Nel corso dell’inaugurazione il sindaco Luca Salvetti ha ripercorso le difficoltà affrontate durante il cantiere, iniziando con una battuta: “Un giorno, prima di Effetto Venezia, avevo detto: mi raccomando, il ponte deve essere pronto per la manifestazione. Per fortuna non avevo specificato di quale anno: era il 2024 ed è invece pronto per Effetto Venezia 2026”.

Dietro l’ironia, ha spiegato il primo cittadino, si nasconde la complessità di un’opera che ha richiesto tempi superiori alle previsioni. “Sotto questo ponte abbiamo trovato un mondo di sottoservizi e di situazioni molto complicate, oltre ai resti del vecchio ponte. Tutto questo ha costretto amministrazione, progettisti e responsabili del cantiere a rivedere più volte il lavoro. In corso d’opera succede di tutto e la forza di un’amministrazione sta proprio nella capacità di trovare soluzioni ai problemi che emergono in modo imprevisto.”
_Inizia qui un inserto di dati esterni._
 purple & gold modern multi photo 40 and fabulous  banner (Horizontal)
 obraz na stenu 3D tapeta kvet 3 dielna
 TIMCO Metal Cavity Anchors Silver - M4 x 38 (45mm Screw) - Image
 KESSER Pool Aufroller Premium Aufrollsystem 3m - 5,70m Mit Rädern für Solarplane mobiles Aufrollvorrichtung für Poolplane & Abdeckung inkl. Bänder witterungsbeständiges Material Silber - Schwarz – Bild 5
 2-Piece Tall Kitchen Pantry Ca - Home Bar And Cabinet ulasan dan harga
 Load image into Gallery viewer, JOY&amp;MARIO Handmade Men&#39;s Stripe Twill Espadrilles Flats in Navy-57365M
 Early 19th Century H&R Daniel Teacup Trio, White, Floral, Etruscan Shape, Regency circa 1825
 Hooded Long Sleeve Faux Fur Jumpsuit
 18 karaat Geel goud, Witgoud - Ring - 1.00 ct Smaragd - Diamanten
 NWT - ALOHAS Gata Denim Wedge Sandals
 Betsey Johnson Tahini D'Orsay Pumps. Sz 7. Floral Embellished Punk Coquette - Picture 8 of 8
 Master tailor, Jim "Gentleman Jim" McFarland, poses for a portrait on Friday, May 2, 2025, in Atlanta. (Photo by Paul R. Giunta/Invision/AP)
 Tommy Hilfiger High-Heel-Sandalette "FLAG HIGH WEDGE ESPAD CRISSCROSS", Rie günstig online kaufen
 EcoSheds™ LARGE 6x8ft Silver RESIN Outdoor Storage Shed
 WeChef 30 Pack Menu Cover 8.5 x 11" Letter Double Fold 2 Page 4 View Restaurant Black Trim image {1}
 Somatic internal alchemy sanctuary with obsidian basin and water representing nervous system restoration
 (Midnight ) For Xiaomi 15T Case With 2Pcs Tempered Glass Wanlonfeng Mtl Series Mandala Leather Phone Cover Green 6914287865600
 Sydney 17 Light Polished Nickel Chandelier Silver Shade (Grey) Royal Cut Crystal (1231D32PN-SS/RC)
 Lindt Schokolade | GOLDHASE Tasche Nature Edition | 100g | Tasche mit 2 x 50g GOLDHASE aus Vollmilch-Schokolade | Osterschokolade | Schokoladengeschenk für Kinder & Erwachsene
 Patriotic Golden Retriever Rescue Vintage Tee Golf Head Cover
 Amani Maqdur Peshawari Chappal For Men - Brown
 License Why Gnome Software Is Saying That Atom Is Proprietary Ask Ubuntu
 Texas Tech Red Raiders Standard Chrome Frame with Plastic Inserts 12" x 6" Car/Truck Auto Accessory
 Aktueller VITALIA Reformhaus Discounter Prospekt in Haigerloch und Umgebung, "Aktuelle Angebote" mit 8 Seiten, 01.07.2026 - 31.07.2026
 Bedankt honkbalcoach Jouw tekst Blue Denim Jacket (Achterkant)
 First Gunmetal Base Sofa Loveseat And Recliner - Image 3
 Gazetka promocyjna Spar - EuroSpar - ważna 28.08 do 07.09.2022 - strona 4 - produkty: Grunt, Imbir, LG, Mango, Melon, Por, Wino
Salvetti ha quindi rivendicato il raggiungimento dell’obiettivo: “Alla fine siamo arrivati al risultato perché la nostra responsabilità è portare a termine ciò che avevamo promesso di realizzare. Continuerò ad andare avanti con questo spirito.”

Il sindaco ha sottolineato anche il valore urbanistico dell’intervento, evidenziando come il nuovo ponte restituisca una prospettiva molto simile a quella storica. “Sono contento perché il ponte è bello e la visuale dalla Fortezza verso questa parte è praticamente quella che esisteva quando c’era il ponte antico. Questo consentirà di completare il nuovo assetto di Piazza del Luogo Pio.”

Il progetto, infatti, non si conclude con l’apertura del ponte carrabile. Nei prossimi mesi saranno realizzate anche due passerelle pedonali, una sul lato ovest e una sul lato est, già previste nell’ambito della riqualificazione dell’area. “È già tutto pronto per questo ulteriore intervento – ha spiegato Salvetti – che completerà la sistemazione della piazza.”

Il primo cittadino ha inoltre ricordato che il nuovo ponte rappresenta uno degli interventi prioritari inseriti nel programma di riqualificazione del quartiere Venezia. “C’è la soddisfazione di aver concluso un’altra delle opere che avevamo indicato come fondamentali per questo quartiere.”

Infine un passaggio è stato dedicato anche alla scelta della denominazione ufficiale. “Il ponte era già conosciuto come Ponte dei Trinitari, ma non esisteva una targa che lo identificasse. Abbiamo voluto cogliere l’occasione dell’inaugurazione per apporla e raccontare un’altra delle belle storie di questo quartiere.”